Dimensi Evangelisasi harus mencakup seluruh aspek kehidupan manusia. Seperti dikatakan dalam Evangeli Nuntiandi, evangelisasi diungkapkan dalam tiga bidang yakni, dilaksanakan dengan berpastoral dalam pelbagai bidang kategorial, berkatekese dalam perlbagai bidang, dan perlu membangun dialog/inkulturasi dalam bidang agama, budaya dan kaum miskin.
- Negara ada demi kesejahteraan umum, menemukan dasar keberadaannya sepenuhnya serta maknanya dalam kesejahteraan itu, dan mendasarkan hak kemandiriannya yang otentik padanya. Kesejahteraan umum mencakup keseluruhan kondisi-kondisi kehidupan sosial, yang memungkinkan orang-orang, keluarga-keluarga dan perhimpunanperhimpunan mencapai kesempurnaan mereka secara lebih penuh dan lebih mudah.

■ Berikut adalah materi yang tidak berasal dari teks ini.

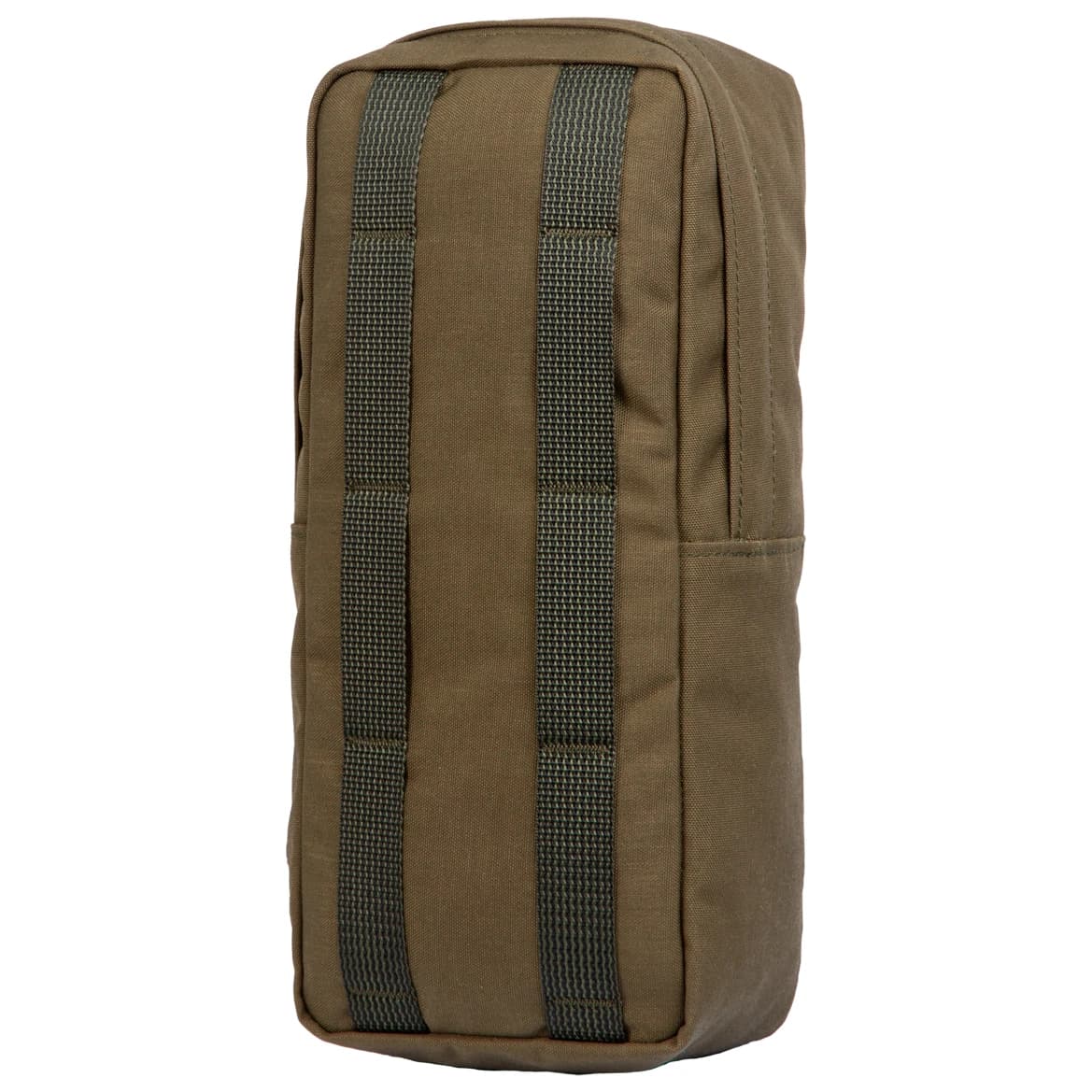 Джоб за раница Savotta Side Pouch 4 - Green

- Pelaksanaan kekuasaan politik, baik dalam masyarakat sendiri, maupun di lembaga-lembaga yang mewakili negara, selalu harus berlangsung dalam batas-batas tata moral, untuk mewujudkan kesejahteraan umum yang diartikan secara dinamis, menurut tata perundang-undangan yang telah dan harus ditetapkan secara sah. Maka para warganegara wajib patuh-taat berdasarkan hati nurani mereka. Dari situ jelas jugalah tanggung jawab, martabat dan kewibawaan para penguasa.
Hirarki tidak henti-hentinya memberikan dukungan kepada umat untuk terlibat secara aktif dalam politik. Dukungan ini disampaikan melalui Surat Gembala. Sebagai contoh, pada PEMILUKADA Kalimantan Tengah 2013, Keuskupan Palangkaraya mengedarkan Surat Gembala yang berisi: Pertama, mengenai tata pelaksanaan pemungutan suara. Diperlukan ketelitian yang sungguh-sungguh untuk mengikuti taca-cara yang tercantum di dalam undang-undang dan peraturan yang berlaku. Untuk itu kita perlu meluangkan waktu dan kesempatan untuk secara pribadi maupun secara bersama-sama di dalam kelompok, untuk mempelajari dan mendalami seluk beluk Pemilu Kada 2013 ini, agar dapat berpartisipasi dengan tepat. Kedua, sekitar pribadi para calon. Kita harus memilih orang-orang yang dapat dipercaya untuk memimpin rakyat di daerah kita dan menjalankan pemerintahan demi kesejahteraan umum. Marilah kita cermati dan telusuri rekam-jejaknya. semua perlu kritis terhadap kampanye, menilai rekam jejak (track-record) calon dan menentukan pilihan sesuai dengan suara hati kita masing-masing. Ketiga, ketika kampanye, umat boleh mendukung calon mana yang sesuai dengan hati nuraninya masing-masing, dengan akibat timbulnya perbedaan pilihan di kalangan umat. Namun perbedaan ini tidak boleh menjadi alasan konflik dan terpecahnya kesatuan umat karena alasan politik. Keempat, mengingat Gereja adalah tempat ibadat, maka tidak boleh seorang pun, entah pastor, biarawan-wati atau awam, menggunakan altar, mimbar atau bagian Gereja lainnya menjadi tempat kampanye dengan menyebutkan nama salah satu pasangan calon untuk dipilih.
Ini adalah bukti bahwa hirarki sangat memberikan perhatian sekaligus memberikan dukungan kepada umat yang terlibat dalam pemerintahan dan politik.